SUPPLIED INFORMATION »
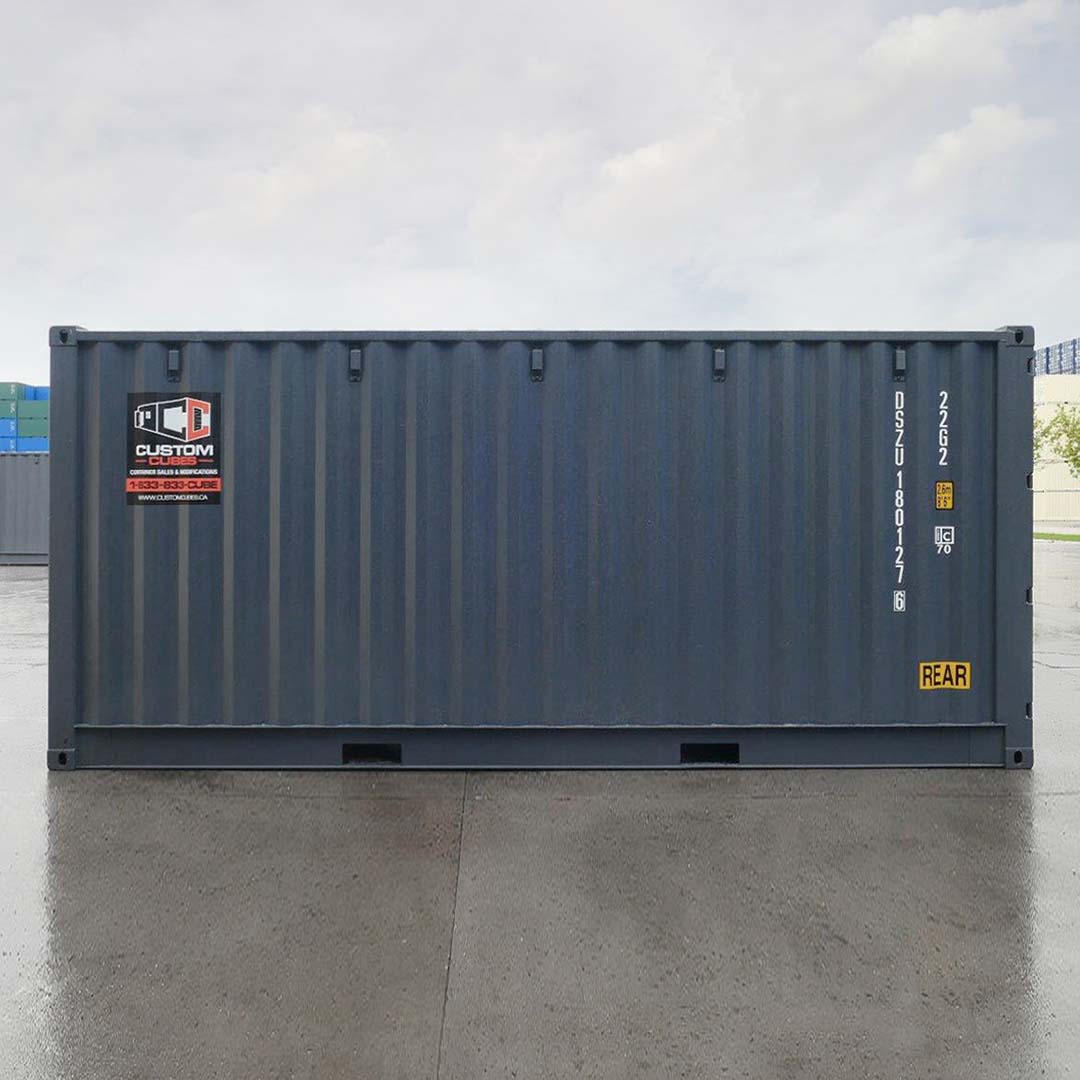 20’ New (1-trip) “Openside” Shipping Container - Royal Ace Storage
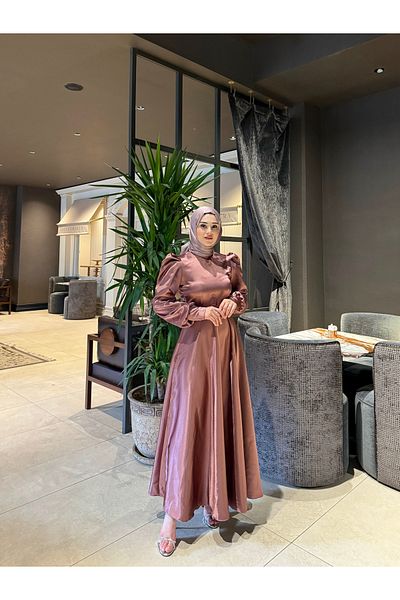 berre yazıcı Βραδινό φόρεμα Isabella Mink Hijab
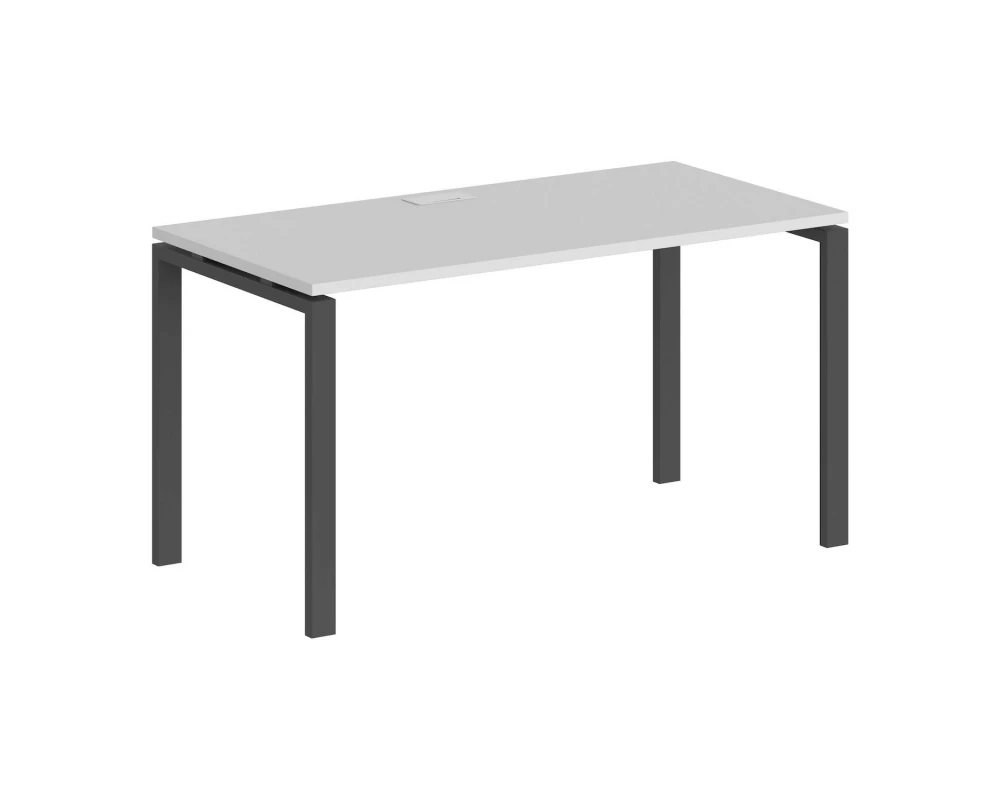 Стол 1200x600x750 профиль антрацит: 60x30 Sigma Белый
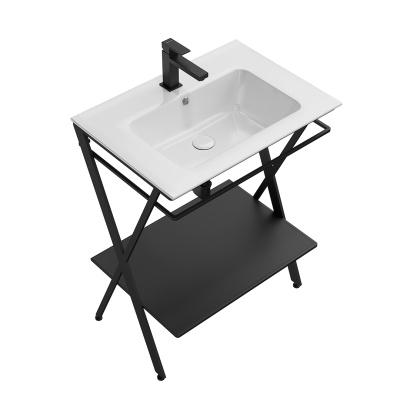 Металлическая структура Piano Next/Пиано Некст напольная 65, черная матовая Металлическая структура Piano Next/Пиано Некст напольная 65, черная матовая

TASK GOAL » Would you return all of the data above word for word, omitting every picture?

ANSWER AREA »
 20’ New (1-trip) “Openside” Shipping Container - Royal Ace Storage
 berre yazıcı Βραδινό φόρεμα Isabella Mink Hijab
 Стол 1200x600x750 профиль антрацит: 60x30 Sigma Белый
 Металлическая структура Piano Next/Пиано Некст напольная 65, черная матовая Металлическая структура Piano Next/Пиано Некст напольная 65, черная матовая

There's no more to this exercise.